KDE Core/OpenCodes

From KDE Community Wiki

The OpenCodes project is part of the KDE Open Data initiative seeking to develop a standard json file format for ISO Codes and to provide a set of data files derived from Wikidata.

Architecture

OpenCodes will be a single git repository containing a set of scripts to maintain the ISO Codes data as well as the data files themselves. The repo will not contain any code APIs to utilise the data, this is to ensure the project is completely standalone and can be utilised by as many other projects as possible.

The data files will be in JSON format with a schema defined using the JSON Schema standard will will allow for automated verification and consumption.

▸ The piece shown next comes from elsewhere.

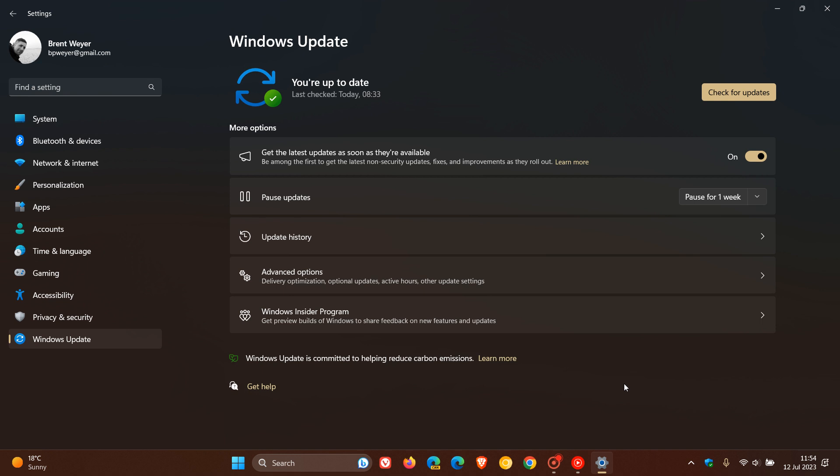And you should now, by default, start seeing those features. And up until recently, to get the features for Moment 3, you had to have this toggled on, this toggle, which is the new get the latest updates as soon as they're available switch. But now, even if this is turned off, you will start seeing the Moment 3 features being made available now on your system by default, so just take note of that.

A Python script will use the Wikidata Query API once available (or other tools such as Autolists in the interim) to list all Items for the ISO code Property and then obtain all the required Properties for each Item instance. This data will then be merged with any extra fields OpenCodes requires and written to the base set of json files which will be committed to the repo.

A second Python script will generate the payload files from the base files in a choice of formats:

  • Data as separate files for each ISO code instance or a single file containing all instances
  • Translations as .po files or JSON translation files (node.js format, and any others required) or inline in data files


For Linux installs generated using 'make install' the base files will be installed to /usr/share/opencodes and .po translation files installed to /usr/locale/.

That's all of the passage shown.